[Items listed in a dataset]
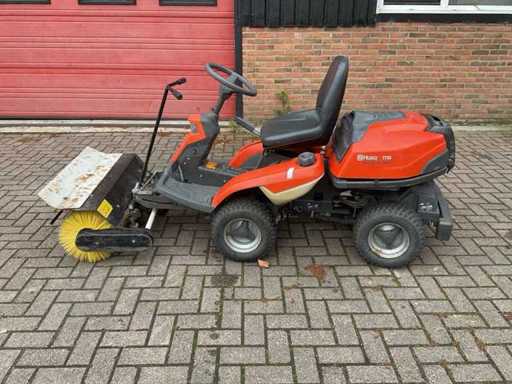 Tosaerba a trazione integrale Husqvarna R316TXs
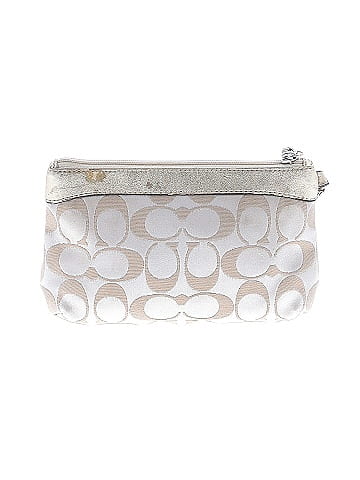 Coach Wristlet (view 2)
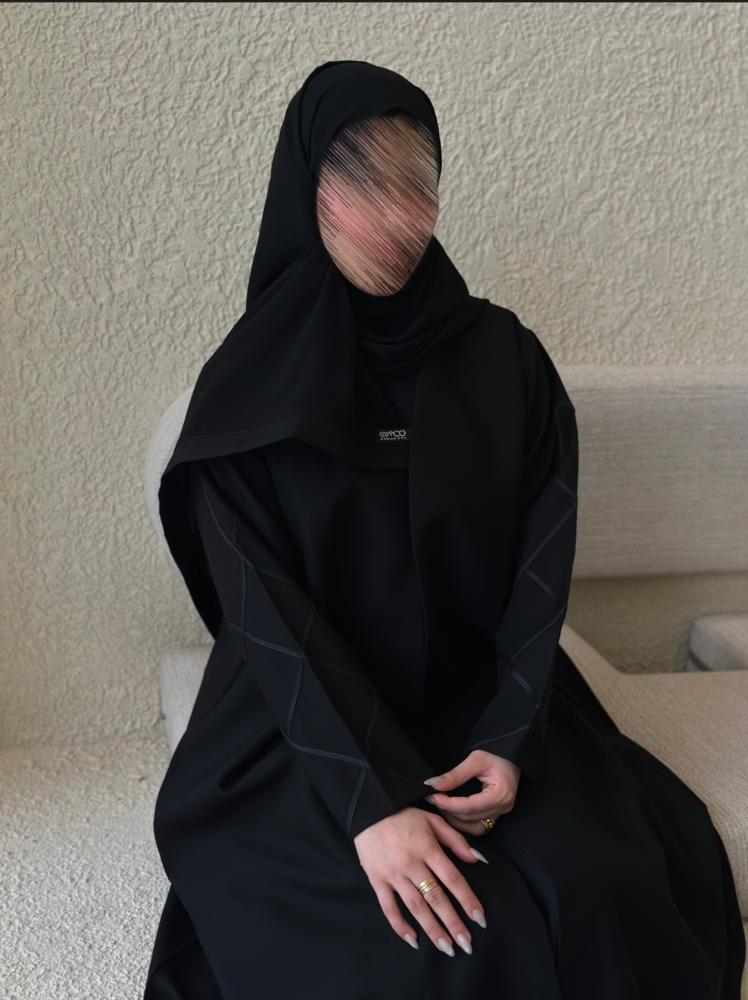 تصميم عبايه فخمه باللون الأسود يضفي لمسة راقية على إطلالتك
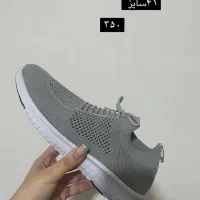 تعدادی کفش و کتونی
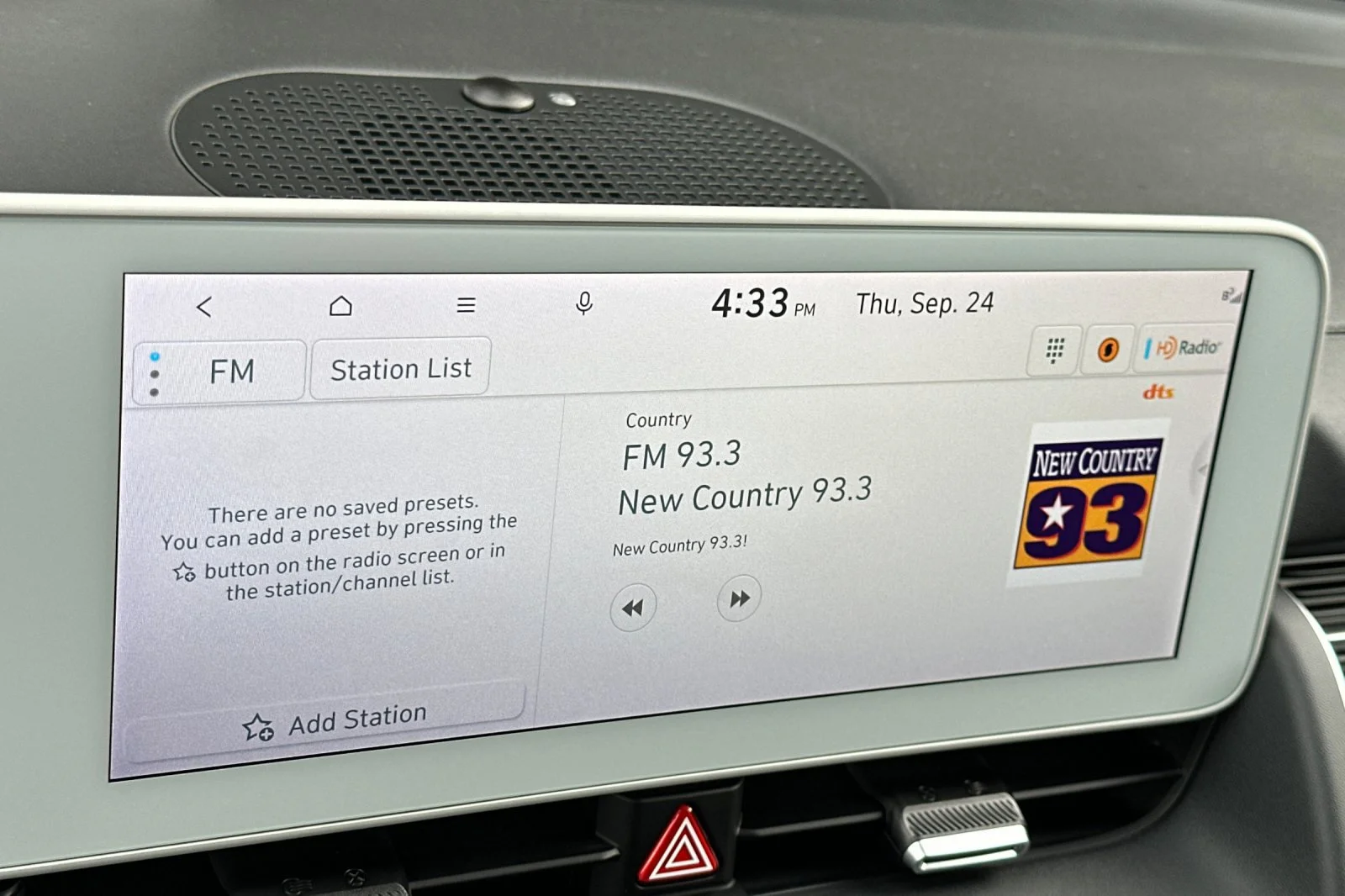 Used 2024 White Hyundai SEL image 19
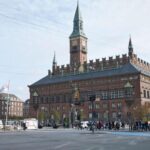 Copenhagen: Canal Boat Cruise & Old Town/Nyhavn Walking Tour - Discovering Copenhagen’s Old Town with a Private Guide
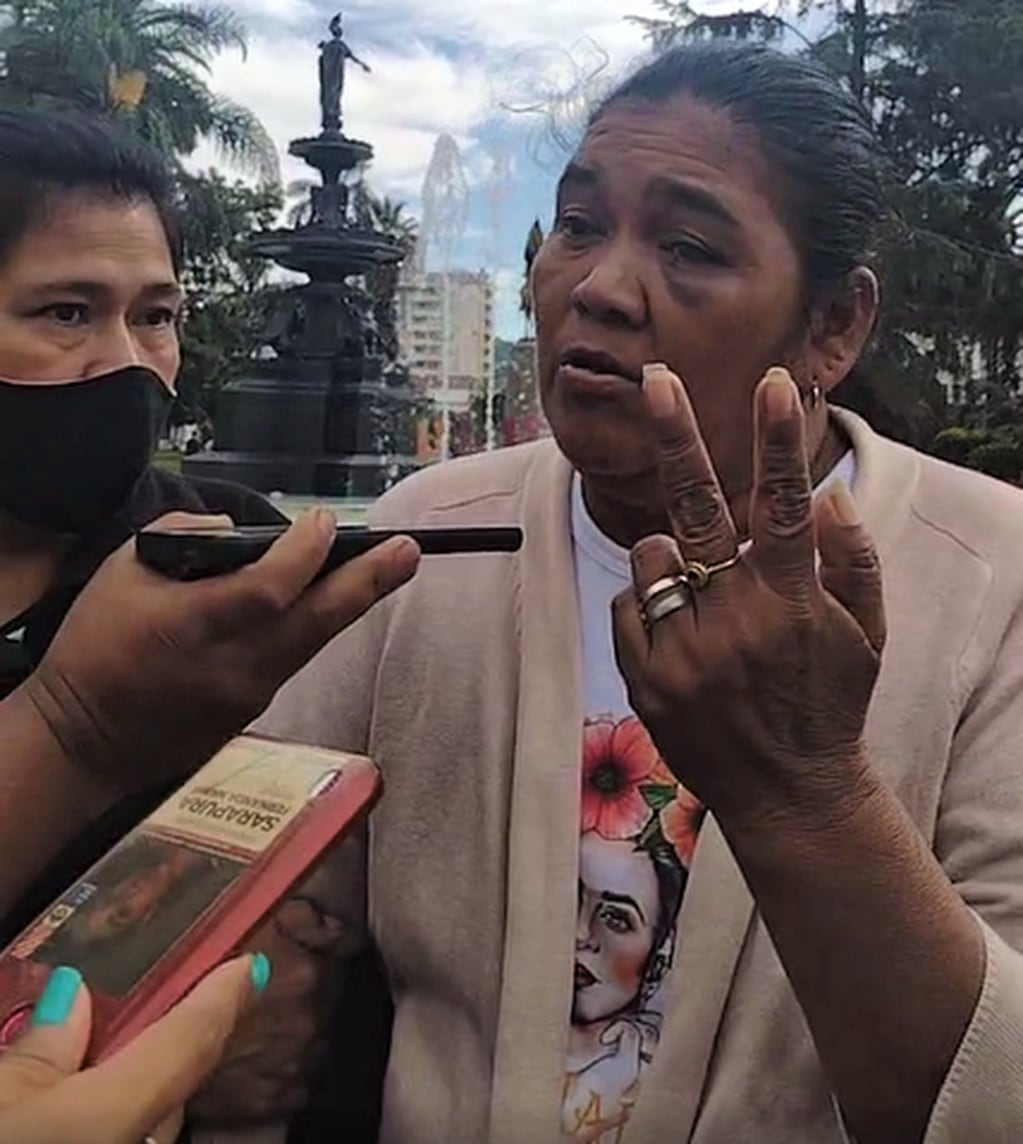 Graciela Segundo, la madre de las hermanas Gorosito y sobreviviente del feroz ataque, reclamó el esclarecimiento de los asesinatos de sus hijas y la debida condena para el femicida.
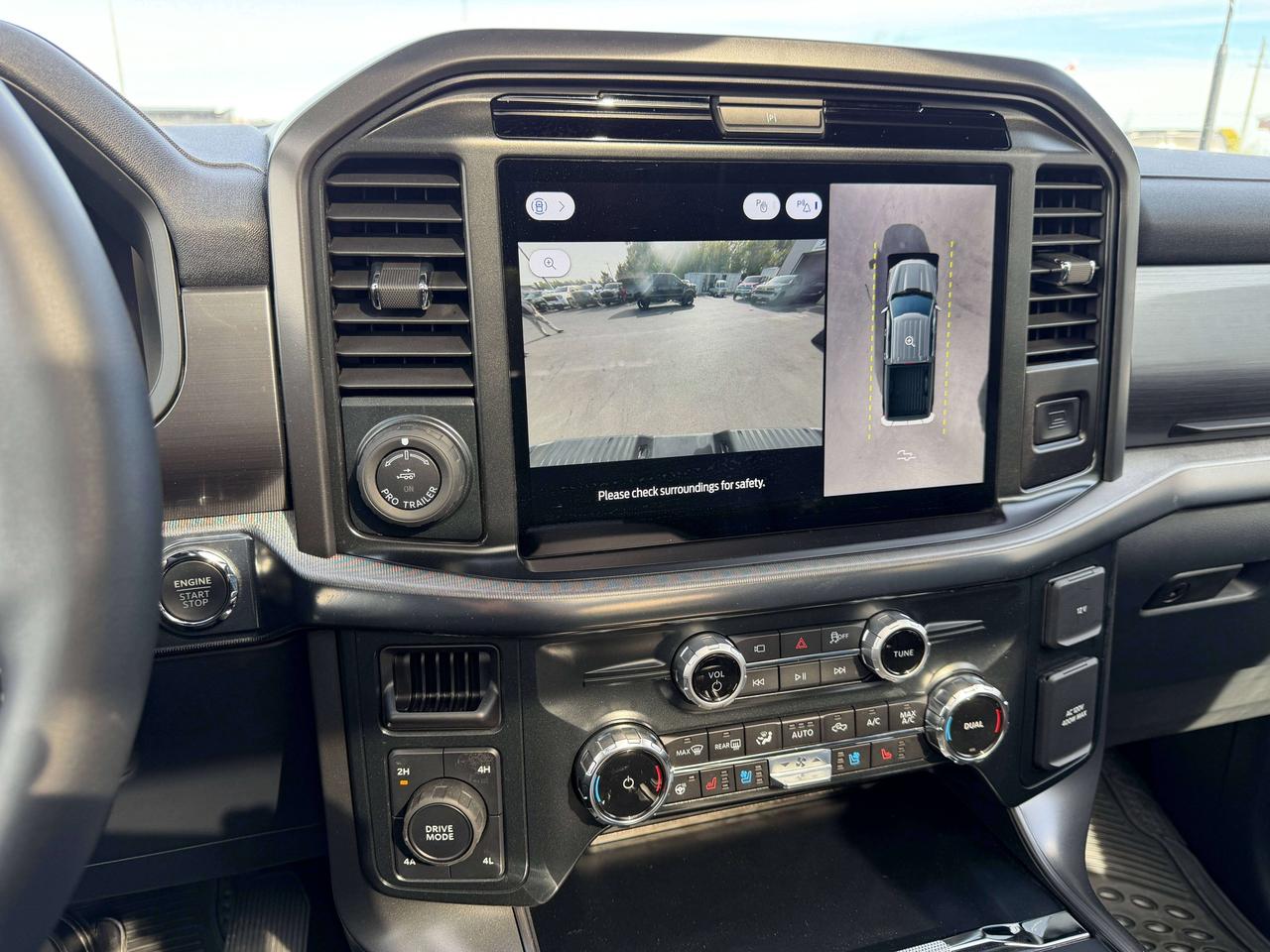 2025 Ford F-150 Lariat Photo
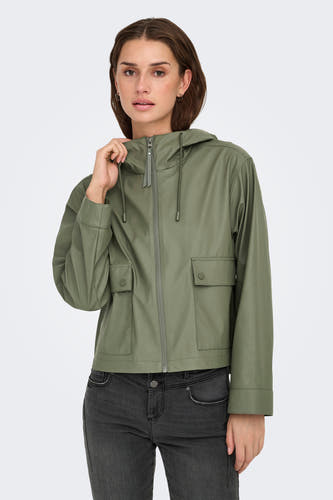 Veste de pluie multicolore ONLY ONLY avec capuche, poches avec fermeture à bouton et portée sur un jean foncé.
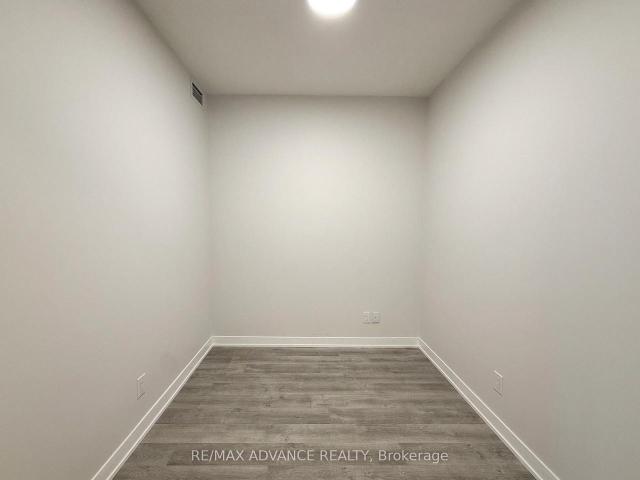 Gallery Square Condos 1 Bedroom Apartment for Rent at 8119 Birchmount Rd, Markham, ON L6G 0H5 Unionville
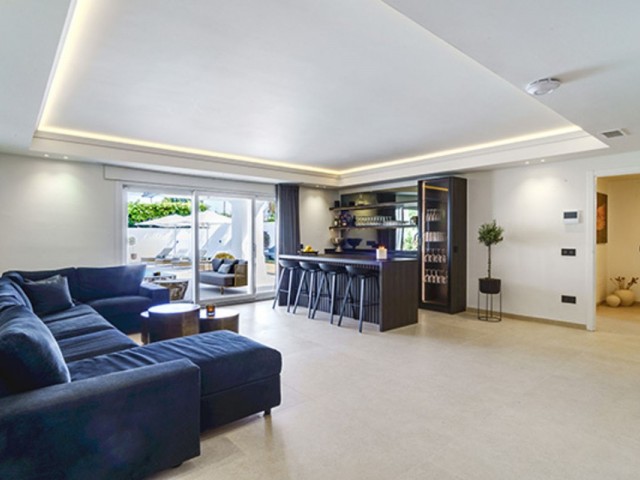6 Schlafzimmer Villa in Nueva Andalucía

● **Task description**: Please restate word for word each line from the one containing "Veste de pluie" to the end of the data above, without the pictures.

● **Response**:
 Veste de pluie multicolore ONLY ONLY avec capuche, poches avec fermeture à bouton et portée sur un jean foncé.
 Gallery Square Condos 1 Bedroom Apartment for Rent at 8119 Birchmount Rd, Markham, ON L6G 0H5 Unionville
6 Schlafzimmer Villa in Nueva Andalucía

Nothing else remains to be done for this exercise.